日本国憲法の平和条項を変更するための自らの努力に、安倍氏が確信を持っているのは、米国がこの変化を承認しているという事実があるからである。アジア太平洋地域における軍事的支配権を、米国防総省がどこか他国と分かち合おうと望んでいることはないだろうが、米国は軍備の整った複数の同盟国を北朝鮮と中国の隣に必要としているのだ。
2016年末、中国海軍、そして北朝鮮によるミサイルの脅威からの安全保障問題に対処しようと、日本政府は2017年度の軍事予算を空前の規模である5兆1251億円に増額することを承認した。
ロシアの著名な東洋学者、ドミトリー・ストレリツォフ氏は「スプートニク」とのインタビューで以下のように述べている。「日本は中国を、潜在的な軍事的競争相手の筆頭と受け止めている。そのため、このような動きは既に長期的傾向となっている。その根拠となっているのは、天然ガスの産地と日中両国の排他的経済水域の境界線がある尖閣諸島近海での事態悪化の可能性という、最も論議を呼ぶシナリオだ。領土問題を武力で解決しようとする試みを撃退することについて、全てが想定されている。中には、水上でも地上でも使える水陸両用の装甲兵員輸送車や、関連する軍用輸送機、偵察機も含まれている」。
だが、「積極的平和主義」という新たな戦略の中で、国民は自らが安全だと感じるだろうか。軍事作戦に参加する自衛隊の改革に対して、日本の主要政党はどのような態度をとっているのだろうか。ストレリツォフ氏は次のように述べている。
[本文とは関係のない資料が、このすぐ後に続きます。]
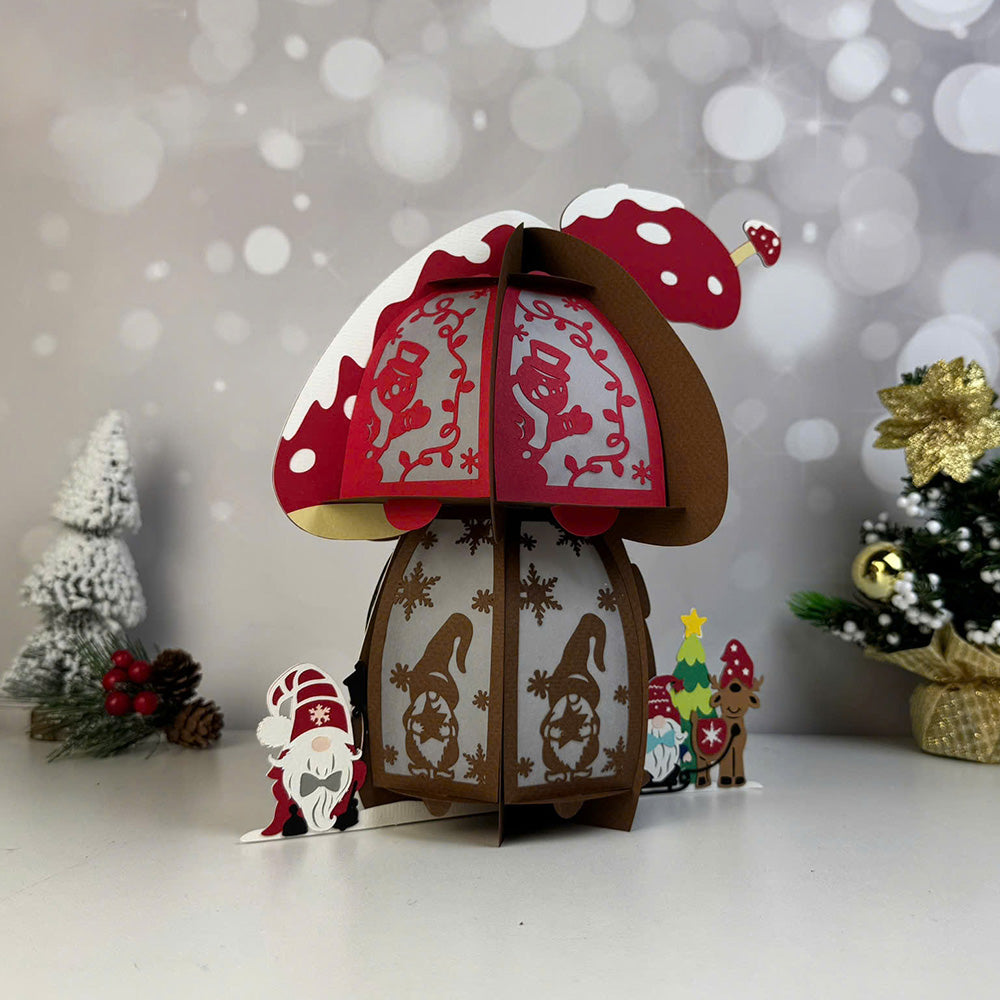Mushroom Xmas 2 - 3D Christmas Lantern File - Cricut File  - VEKTOR KRAFT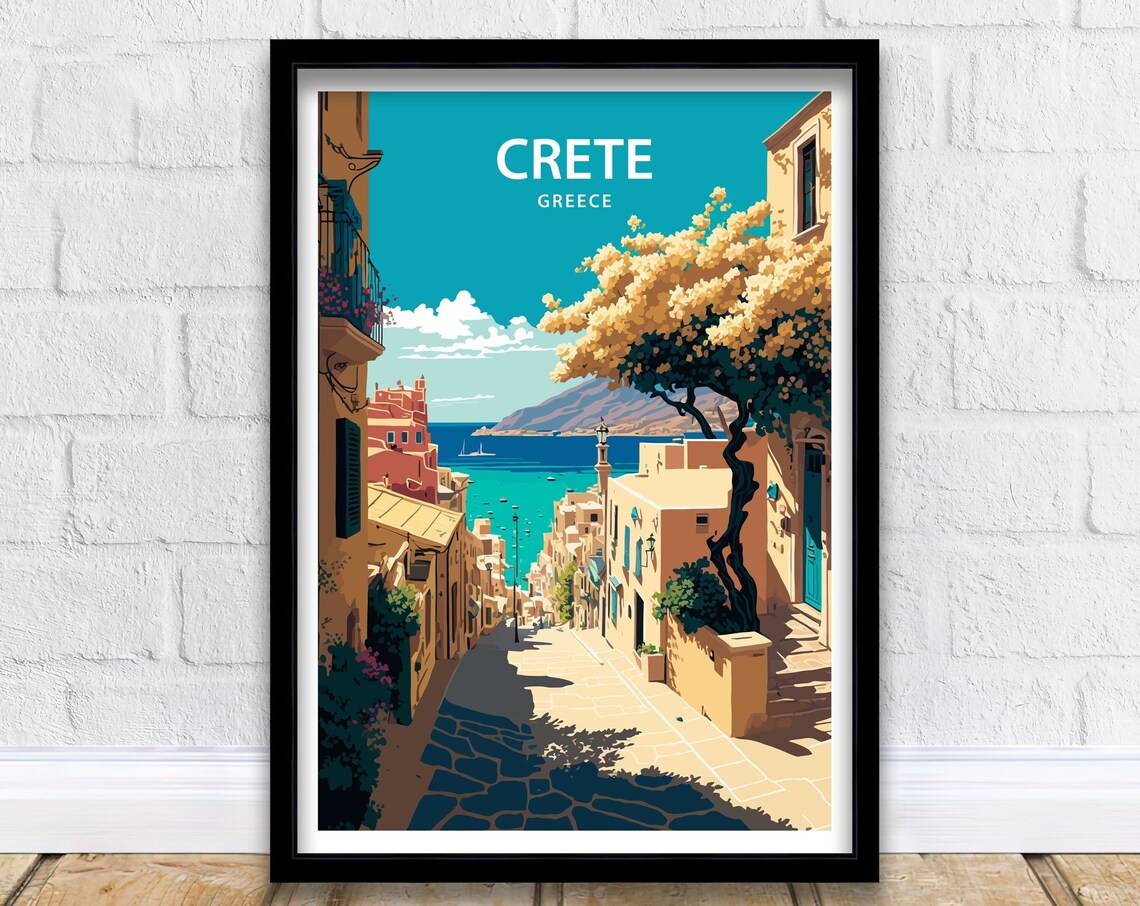 Crete Travel Poster, Greece Travel Art Print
「『希望の党』や『維新の党』といった野党は原則として、政権与党の自民党と同じように平和憲法の改正を支持しており、これが日本政治の全体的なトーンを示している。一方で、反対する人々は今日明らかに少数派だ。だが全体として、日本社会は未だこの問題について割れており、かなりの数の日本人が依然として、憲法改正の展望に対して警戒感をもって接している。しかし、北朝鮮の脅威が原因で不安を感じている風潮が、時間とともに世論を変える可能性はある。その場合、自衛隊に関して改正された法的基盤は、米国や世界中の同盟国と自衛隊が協同することを可能にする。日本は地域や世界全体の軍事的・政治的勢力均衡における、完全な権利を持つプレーヤーとなるのだ」。
安倍政権は、自衛隊の改革は専ら日本の国益に沿ったものであると確信している。だが自国の軍事予算の増額は、米国の地政学的ゲームにおける日本政府の新たな降伏ではないのだろうか。このゲームで日本は既に、環太平洋パートナーシップ協定(TPP)における経済的パートナーの役割を拒否されているのだ。